Hubungan Internasional merupakan studi hubungan yang mempelajari interaksi antar negara. Namun, seiring berkembangnya zaman dan isu-isu global, HI tidak hanya mempelajari interaksi dan akibat yang ditimbulkan atas dua negara atau lebih, namun telah melebar pada aktor non-negara termasuk individu maupun kelompok di dalamnya. Globalisasi yang menghilangkan batas-batas negara dan semakin krusialnya isu yang ditimbulkan membuat cakupan bahasan HI tidak hanya perang dan damai saja. Namun juga kepada isu-isu lain seperti ekonomi, lingkungan, kesehatan dan lain sebagainya.
Sebelum menjadi suatu disiplin ilmu mandiri , HI sebelumnya telah dipelajari di bawah pokok bahasan lain yakni dibawah ilmu politik. Namun, semakin modernnya zaman tidak bisa dipungkiri bahwa HI tidak hanya membahas politik.

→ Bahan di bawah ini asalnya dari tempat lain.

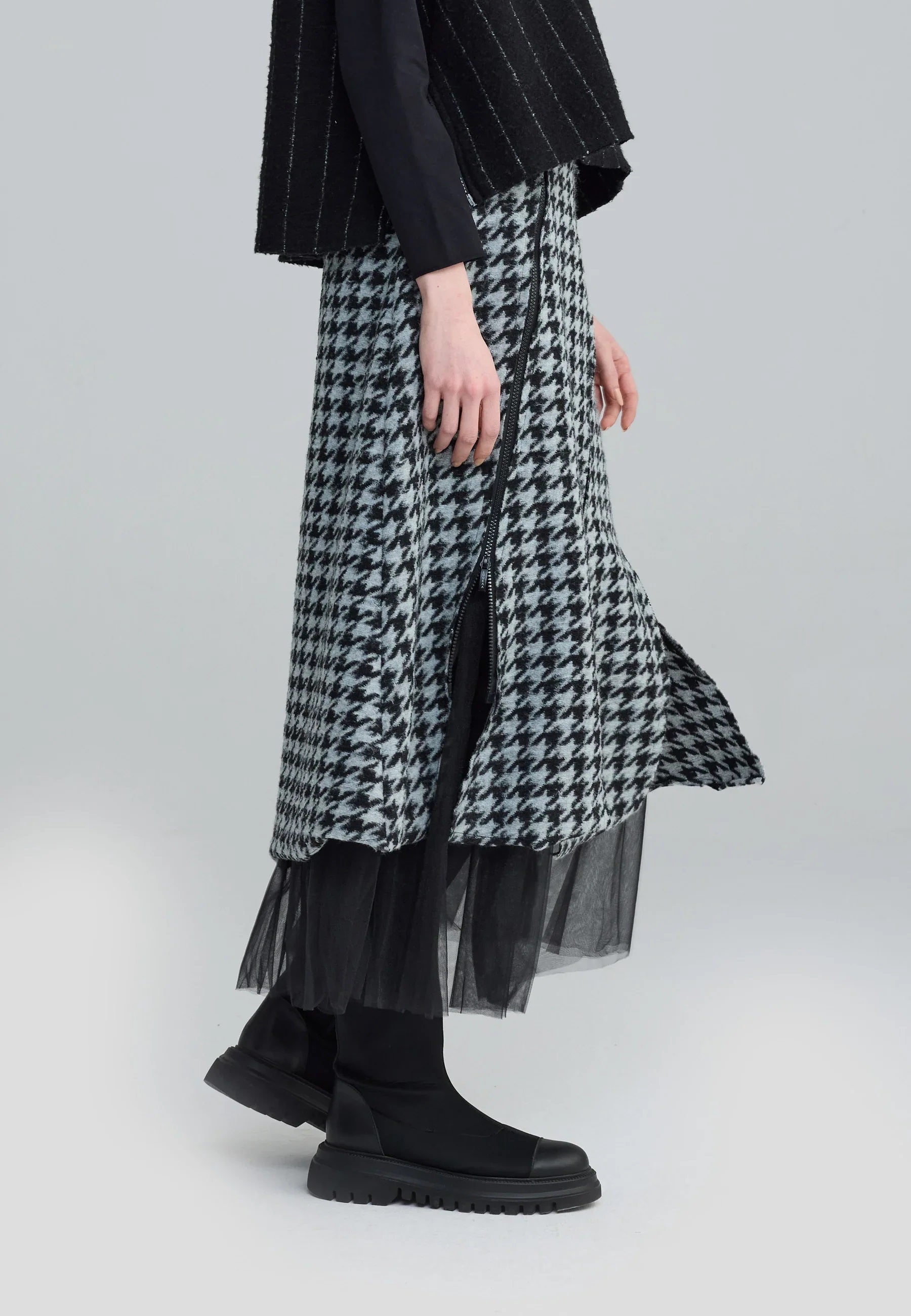 Luukaa's Theia Adjustable Slit Skirt 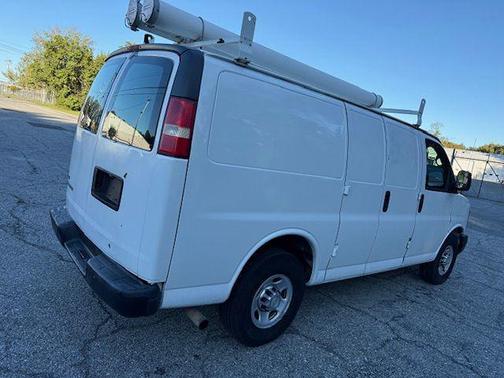 2010 Chevrolet Express 2500 Work Van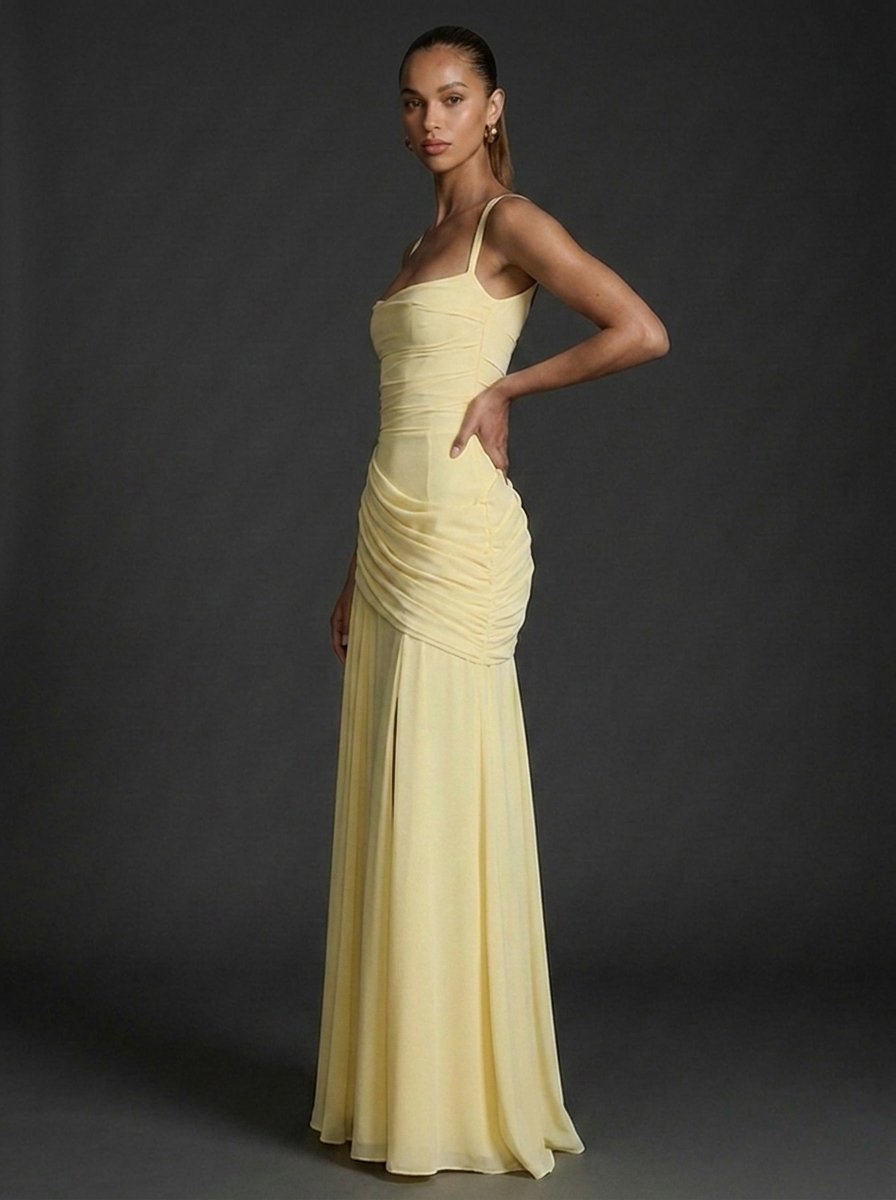Sophie | Robe maxi froncée sans manches à encolure carrée pour femme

Karena itu, HI sifatnya multidisipliner, artinya HI tidak bisa di pisahkan dengan disiplin ilmu lain seperti ekonomi, filsafat, hukum, psikologi, antropologi, dan sebagainya. Bahkan perspektif dalam teori HI juga membahas tentang sifat-sifat manusia sesuai dengan pandangan mereka.

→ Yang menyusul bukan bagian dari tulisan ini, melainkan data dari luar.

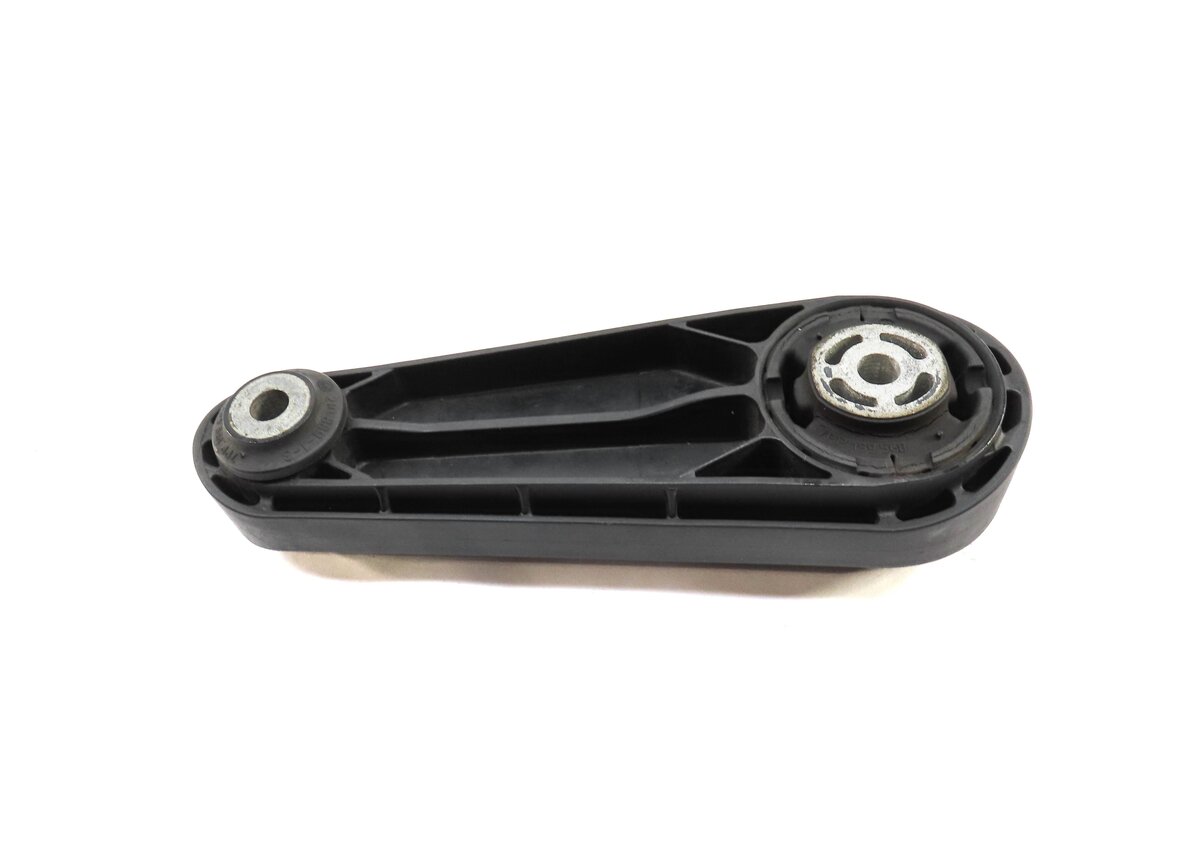 Thumbnail 2: 2010 PORSCHE PANAMERA (970 G1) 4.8L TURBO ENGINE MOTOR MOUNT TORSION ARM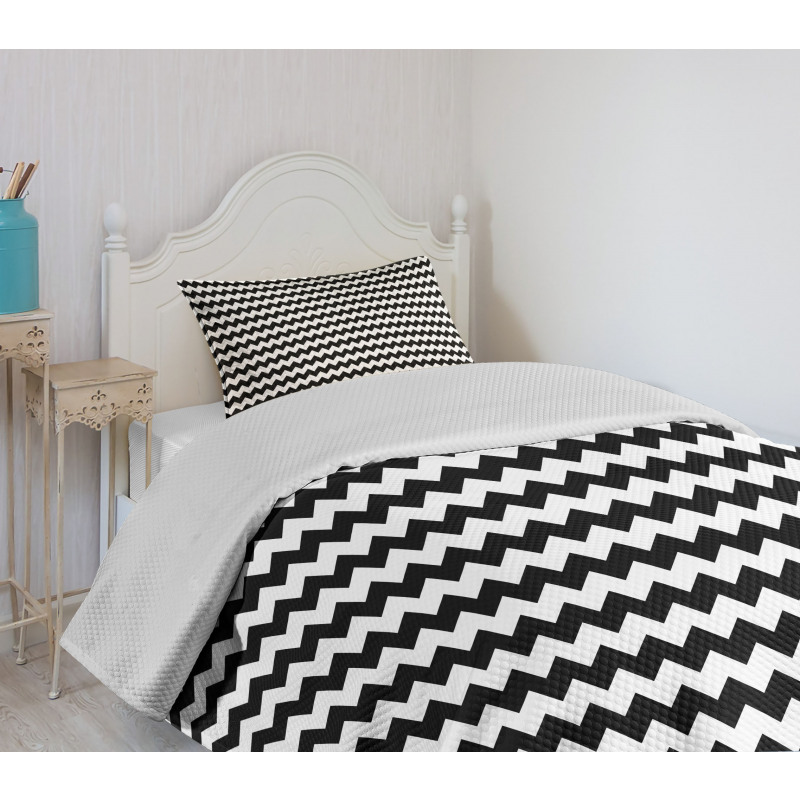 Zigzags Black and White Bedspread Set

Munculnya HI klasik utamanya adalah untuk menghentikan peperangan. Sehingga lahirlah suatu pemikiran dari kaum Idealis. Dalam perspektif Idealisme mereka memiliki beberapa asumsi dasar terkait negara dan juga sifat manusianya. Karena interaksi manusia itu kemudian akan mempengaruhi interaksi antar bangsa-bangsanya. Idealisme berasumsi bahwa sifat dasar manusia itu ialah baik, menginginkan kerjasama dan selalu damai. Anggapan bahwa "manusia itu baik" dalam perspektif Idealisme ini telah dijawab dalam Al-Qu'an yang tertulis dalam Surat At-Tin ayat ke 6 , yang mana dijelaskan manusia itu adalah mahluk yang baik hanya jika ia beriman dan berbuat baik.

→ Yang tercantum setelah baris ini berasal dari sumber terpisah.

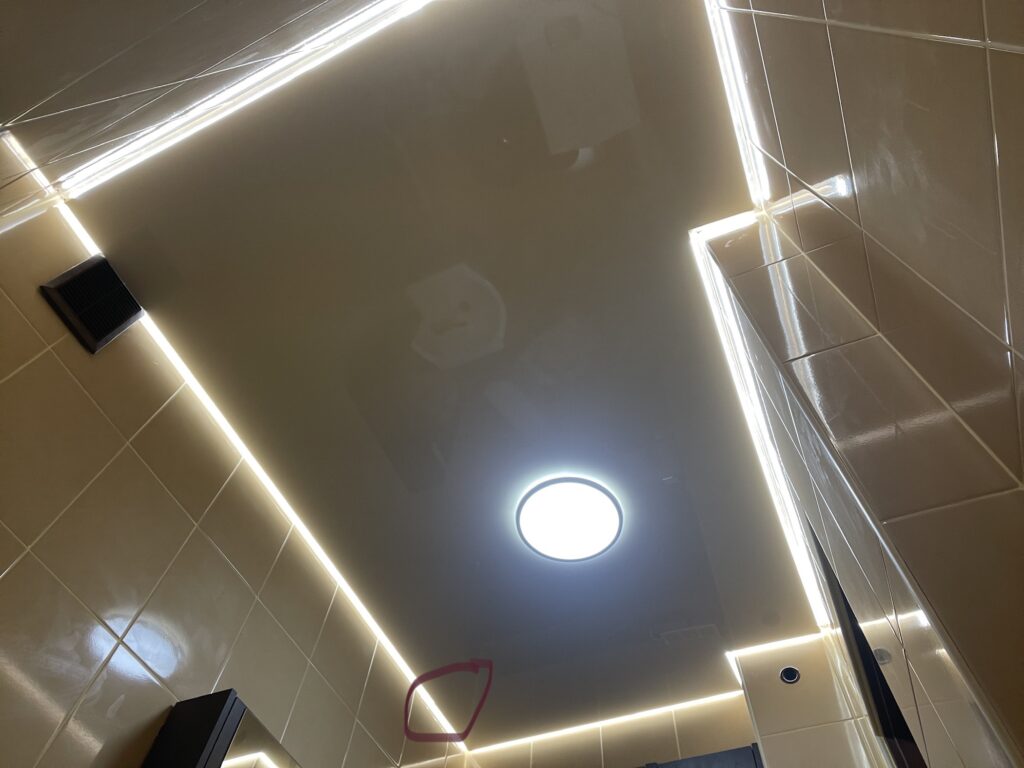 Sufit napinany kremowy z led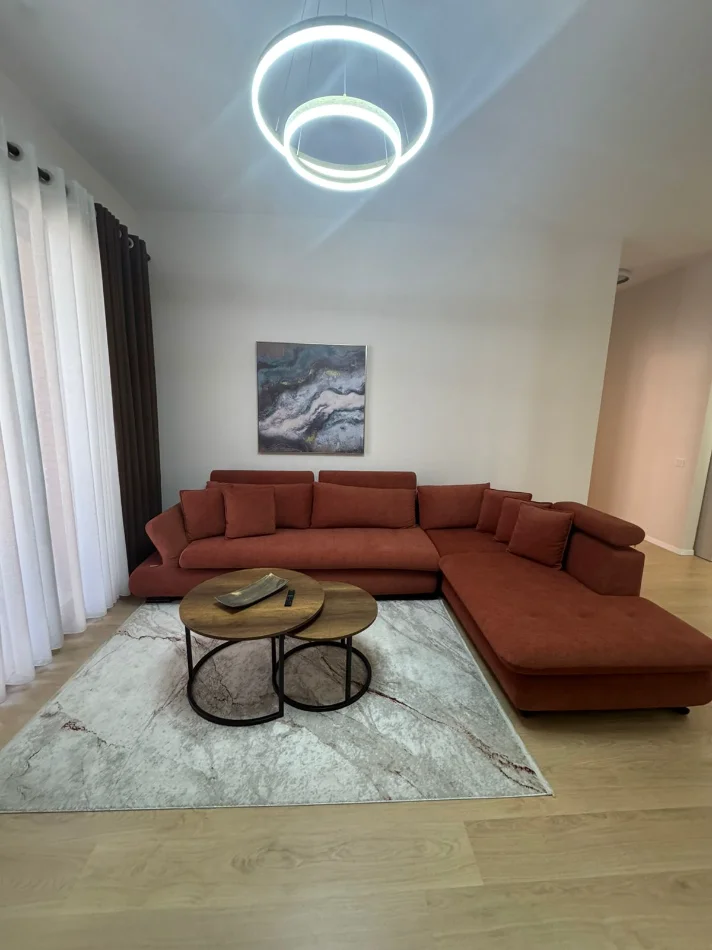 Tirane, jepet me qera apartament 1+1+Aneks+Ballkon Kati 5, 81 m² 800 € 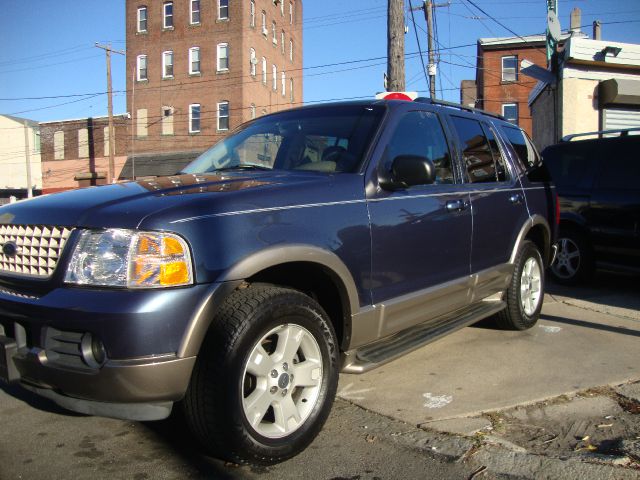 2003 Ford Explorer Custom Deluxe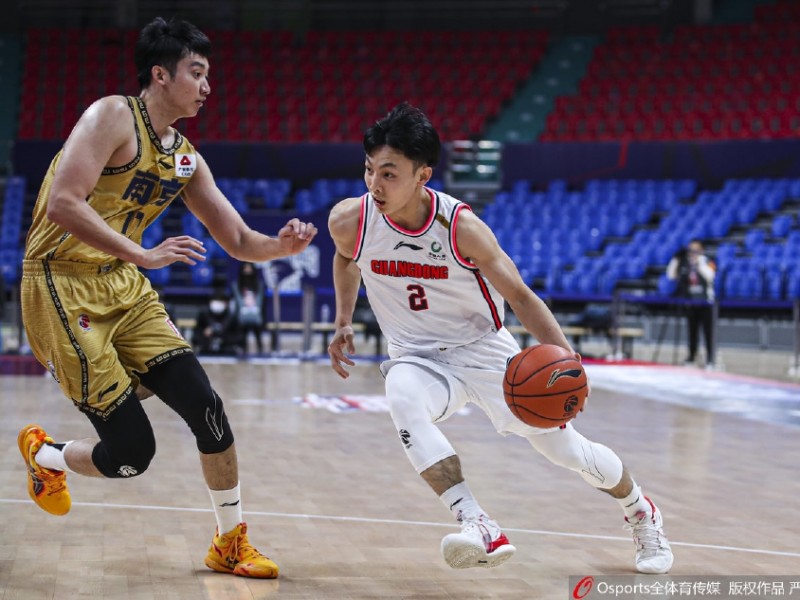 粤王朝的冬日印记：阿联31分引领大胜，同曦青春风暴在长春蛰伏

Setelah lahir Idealisme, dan kegagalannya dalam mengatasi berbagai persoalan dunia, membawa lahirnya sebuah perspektif baru. Perspektif tersebut adalah perspektif Realisme, yang mana memandang sesuatu lebih kepada realis dan tidak seperti idealis yang dianggap utopis. Kaum realisme selalu memandang dunia dengan power  dan kepentingan didalamnya. Sehingga dalam pencapaian national interestnya selalu mengedepankan power. Peperangan tentu saja membawa kerusakan. Aktor terkecil adalah individu atau manusia iu sendiri berarti yang dianggap sebagai mahluk perusak. Bahkan ketika kita membahas realisme terdapat ungkapan yang terkenal soal manusia yang dikemukakan oleh Thomas Hobbes, homo homini lupus yang artinya manusia adalah serigala bagi manusia yang lain. Manusai dianggap sebagai mahluk perusak juga telah dijawab dalam Al-Qur'an, hal ini tertulis didalam Q.S Al-Baqarah ayat 30. Yang mana dalam ayat tersebut berarti Allah mengutus manusia sebagai khalifah di bumi, selain itu Allah tidak serta merta menciptakan manusia, namun Allah juga turunkan Rasul yang menjadi tauladan dan Al-Qur'an sebagai sebuah pedoman.
Jadi, berbicara mengenai dua perspektif diatas sejatinya telah dibahas dalam Al-Qur'an, karena sejatinya Al-Qur'an merupakan sebuah rahmat bagi seluruh umat manusia yang dapat dijadikan sumber pedoman dalam segala sumber.